A dead vision that apparently was never meant to be. If I had gone with my gut in the beginning, I could have saved myself a lot of anger and heart ache.

So… Yesterday’s installment closed by bringing up this situation where I wrote an arrangement of “No Longer Slaves” specifically tailored to my friend who is beginning on the harp. As mentioned, I took some time to speak with her, check out her instrument, see what she was used to, and get a general idea of where she was technically and musically. Then I wrote for her. If she had been a part of my (now nonexistent) church, I would have written for her at her level so she cloud play with the worship team.

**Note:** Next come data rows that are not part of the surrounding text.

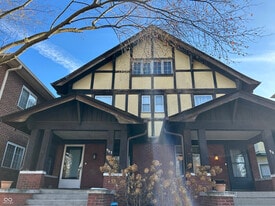 963 Woodruff Pl W Dr in Indianapolis, IN - Building Photo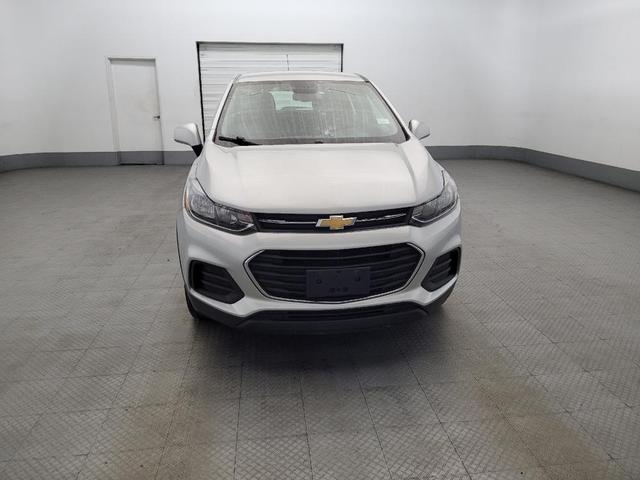 Photo of 2017 Silver Ice Metallic Chevrolet Trax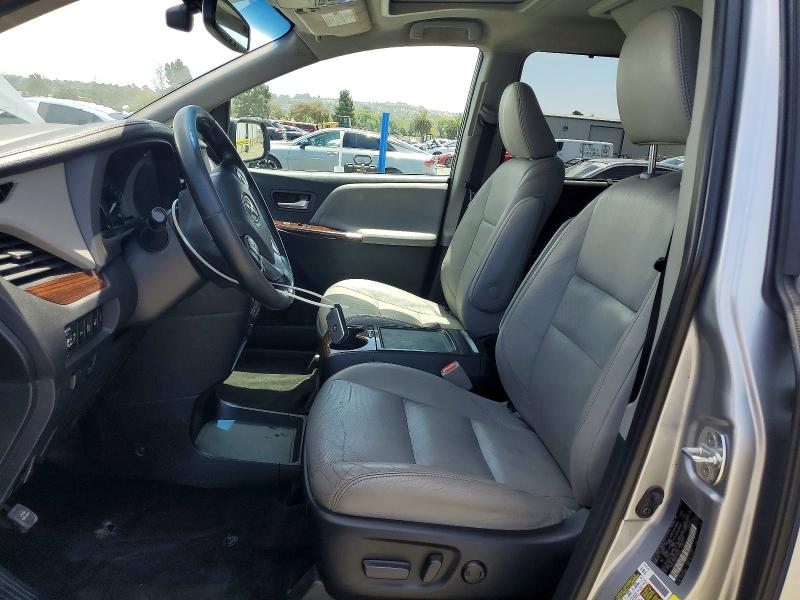 2017 Toyota Sienna VIN 5TDDZ3DCXHS186152 COPART salvage auction — MINOR DENT/SCRATCHES, CA - CERTIFICATE OF TITLE (P), sold $11,500 on 2026-07-21 (photo 7)
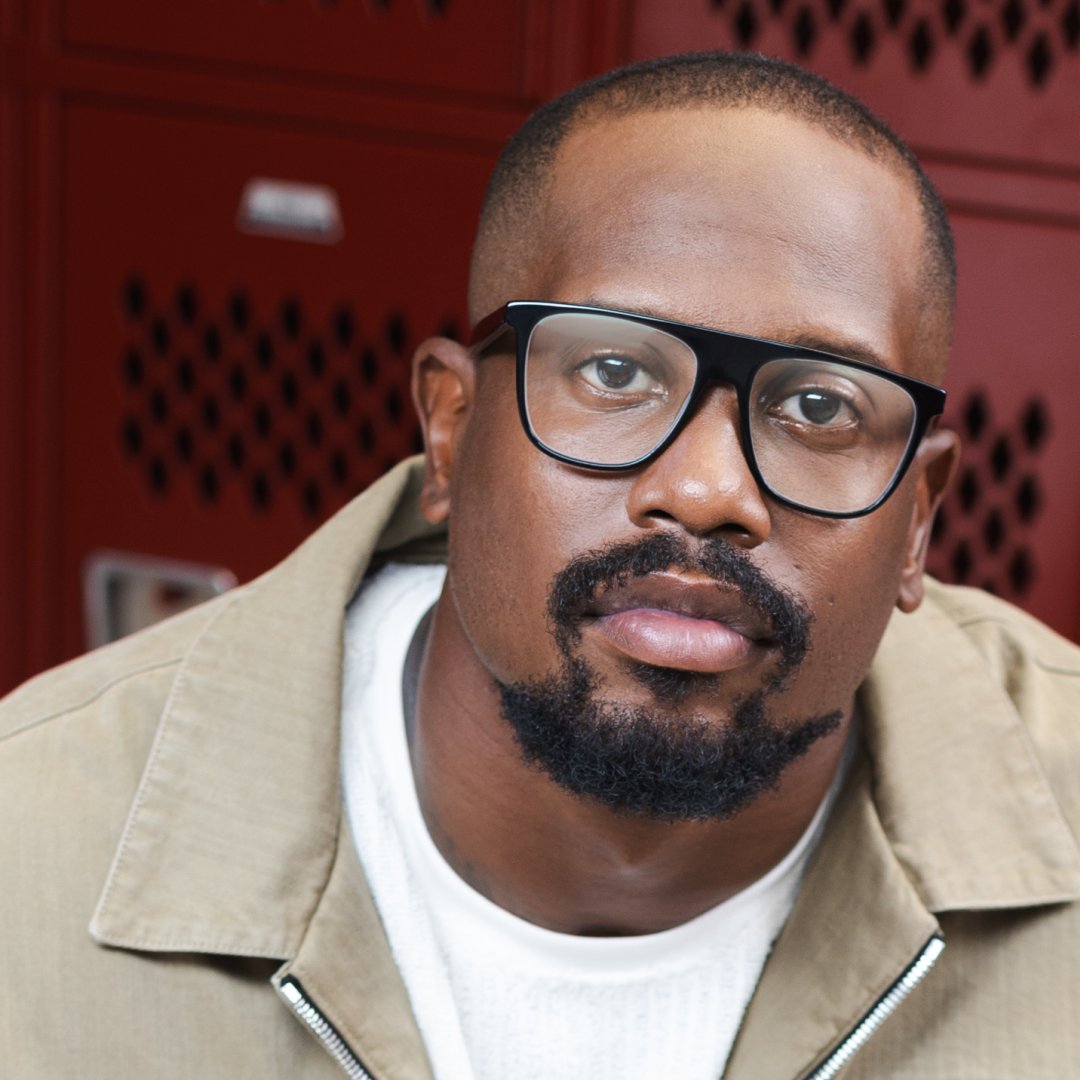 VonMiller's tweet image. Ready for my favorite season! Make sure your vision is as sharp as your game with my exclusive eyewear collection with @GlassesUSA 🏈 Shop the collection today glassesusa.me/VonMiller_Augu… #OwnYourVision #VonMillerEyewear #GlassesUSA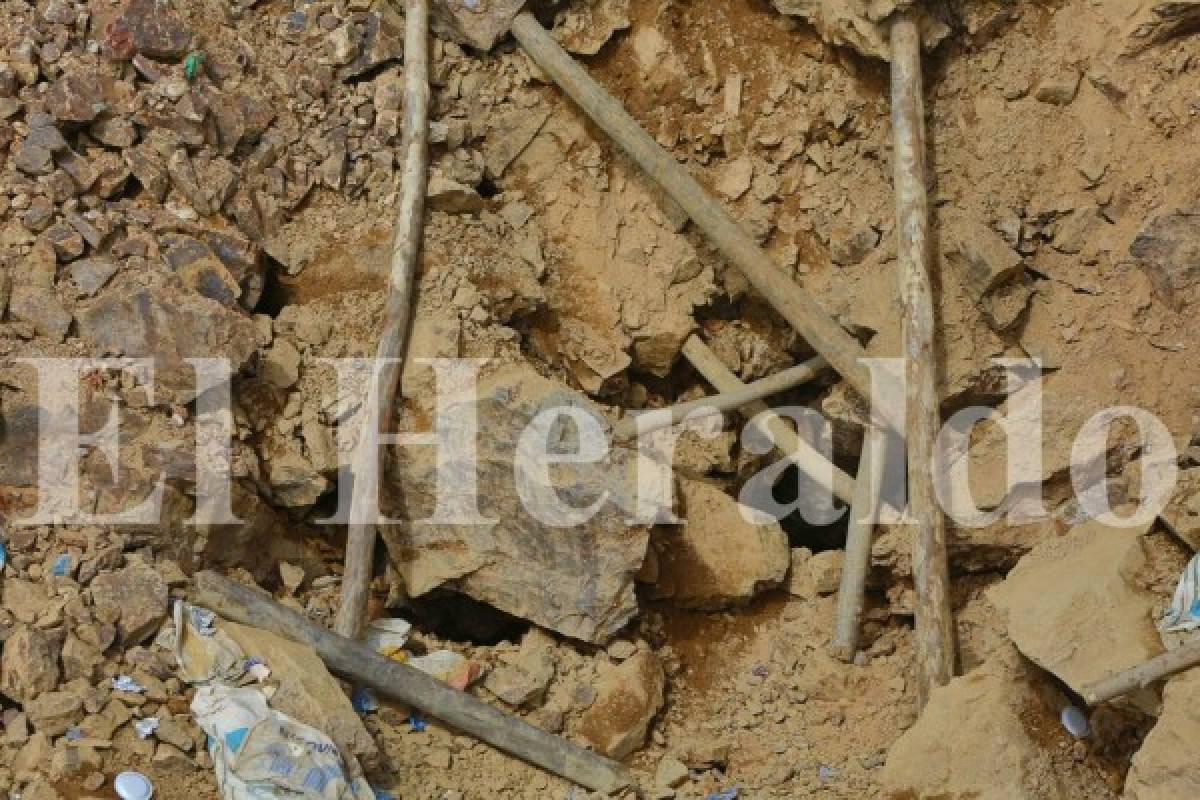 Piedras y troncos dificultan la busqueda de los tres mineros soterrados en la mina de Cuculmeca (Foto: David Romero/ElHeraldo)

While the focus was on how arranging fit into my strategy – basically of worship as a form of engagement – it also touched a bit on coaching. Remember when I said that 80% of directing music is solving problems? 15% of directing music is coaching. (Yes, the percentages are arbitrarily made up.) Now, I’m not just about my now-dead idea of coaching music directors on improving their worship programs. This is about coaching people you want to get involved in the worship program.

The friend that I mentioned… I made the time to listen to her and get a sense of where she was at. This is of the utmost importance. You have to know who you are working with. Once I was able to get a sense of where she was, then I was able to figure out how to help her. That gave me what I needed to know to write her arrangement. If I were working at a (nonexistent) church with a (nonexistent) worship team, that would also inform how I would write her part so she could play along with them.

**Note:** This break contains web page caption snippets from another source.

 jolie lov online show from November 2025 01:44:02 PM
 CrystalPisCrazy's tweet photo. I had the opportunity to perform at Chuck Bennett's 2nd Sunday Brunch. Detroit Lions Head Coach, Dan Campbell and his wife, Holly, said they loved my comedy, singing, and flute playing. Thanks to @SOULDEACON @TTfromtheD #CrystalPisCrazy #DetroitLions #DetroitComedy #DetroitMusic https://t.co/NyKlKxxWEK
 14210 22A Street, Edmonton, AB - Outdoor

Now let’s talk about the actual coaching. I wouldn’t just throw my friend in with the worship team and say “There you are! Now keep up!” At that point, she has her part and is working on it, I would schedule a time for her to work individually with me. I would sit at the piano, play along with her, and actually sing “No Longer Slaves” so she would get more of a sense of how her part fits with the band. Then, I would throw her a curveball like “OH NO!!! The worship leader didn’t come in immediately! What do you do?” Or “The worship leader is riffing. Now, let’s figure out what they do until they come in.” Or “Worship leader went back to the bridge!”

Not only would she be learning how to play along with the band, but she would be learning how to roll with the unexpected during live worship. It seems like a bit of a hassle to go through for just one song, but I guarantee she would be engaged and learning. Maybe a few months or two years down the line, she will have grown enough in confidence that she is holding down the chord parts with the worship team on her own.

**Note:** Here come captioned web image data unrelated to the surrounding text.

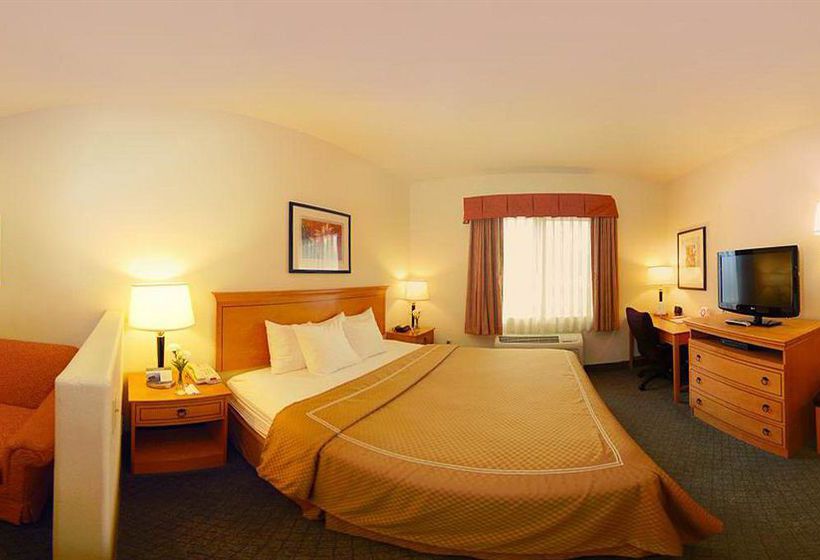 Hotel Comfort Suites Marysville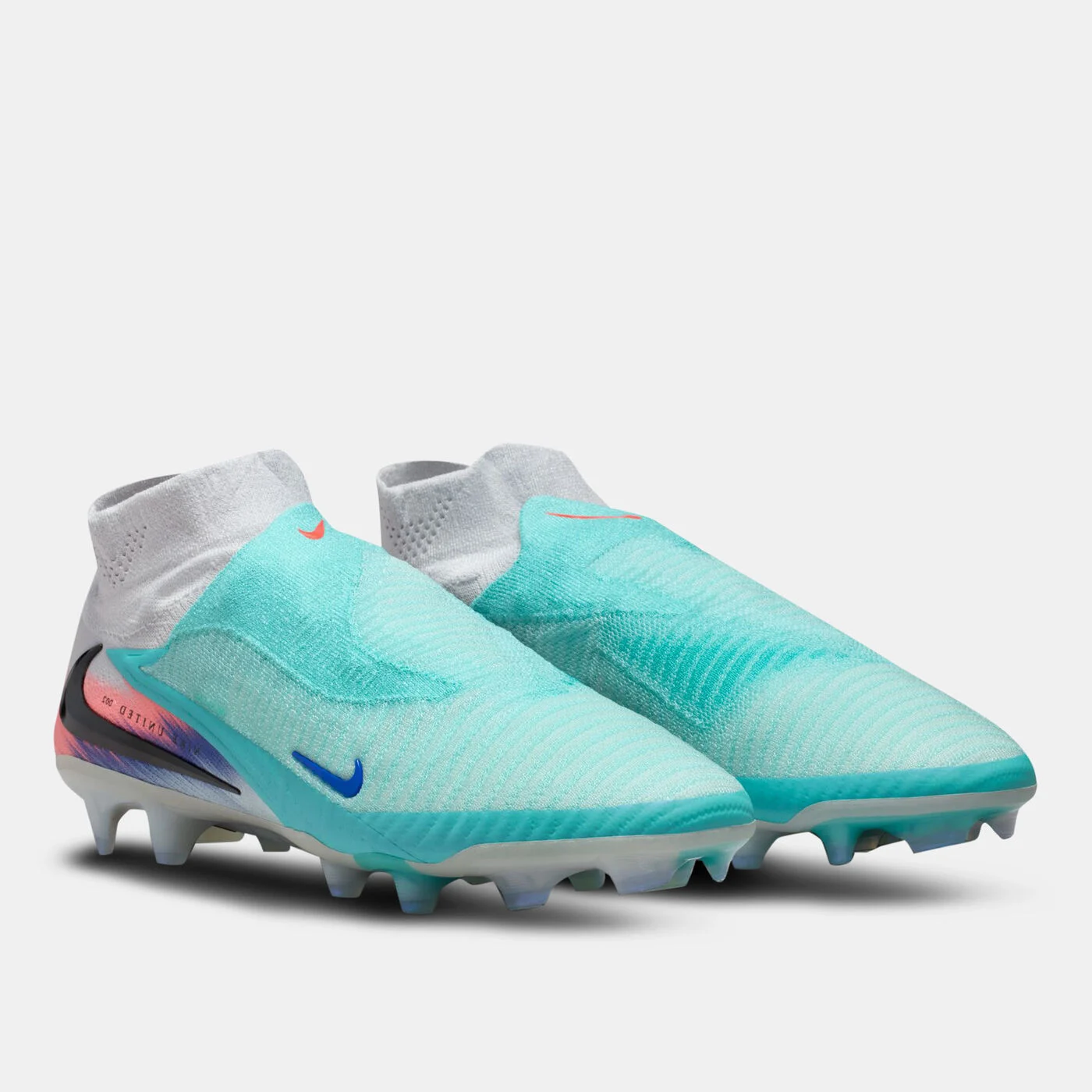 Men's United Phantom 6 High Elite Firm-Ground Football Shoes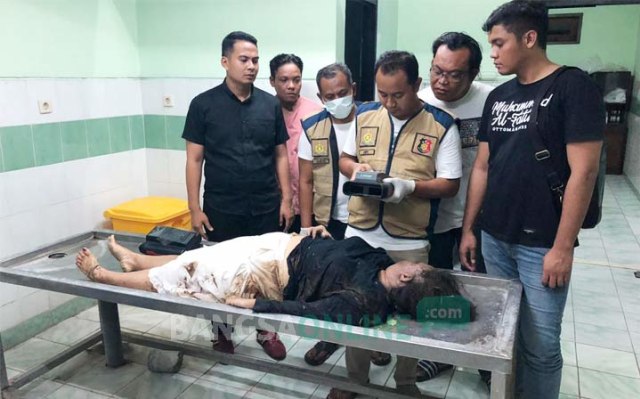 Kasatreskrim AKP Tiksnarto Andaru Rahutomo melihat jenazah korban pembunuhan di RSUD Ibnu Sina. foto: ist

And because I’ve taken the time to teach her, she may very well refer others to me who want to learn the exact same thing.

Coaching is also an ideal way to onboard new singers. Yeah, you can tell them to listen to the recording, which was pretty much what we had to do because we had no rehearsal space… but a recording is a different creature from a live worship band. Send the singer in with me and I put them through their paces, throw “unexpected” at them, and help them gain more confidence. (I do a lot of this during a choir rehearsal, but a coaching session allows me to individualize it and work out the best key.) We can even talk through creative ideas like where to build the song or what different feel they may like in certain areas.

Another possible scenario is in training keyboard players. This may be a hard thing to understand, but not all piano teachers teach how to read chord charts. Trust me. Yes, I know conservatory-trained classical pianists that would be lost with a chord chart. (Someone please tell me they are fixing that shit.) And just because you read a chord chart doesn’t mean you know how to navigate it while playing behind a singer or with a worship team.

Put simply, coaching is the best way to get people involved who might not be ready to just jump up there with the worship team. This is about teaching them and giving them something that is theirs forever.

What if you teach someone and they take their talents to serve at another church? You fucking congratulate them and remind them how they can reach you if they need to work out something later on. Don’t forget that it’s not just about how these people can serve you. It’s about how they can serve Jesus. And frankly, the more they learn from you, the more likely they will be sending someone else your way who might very well stay.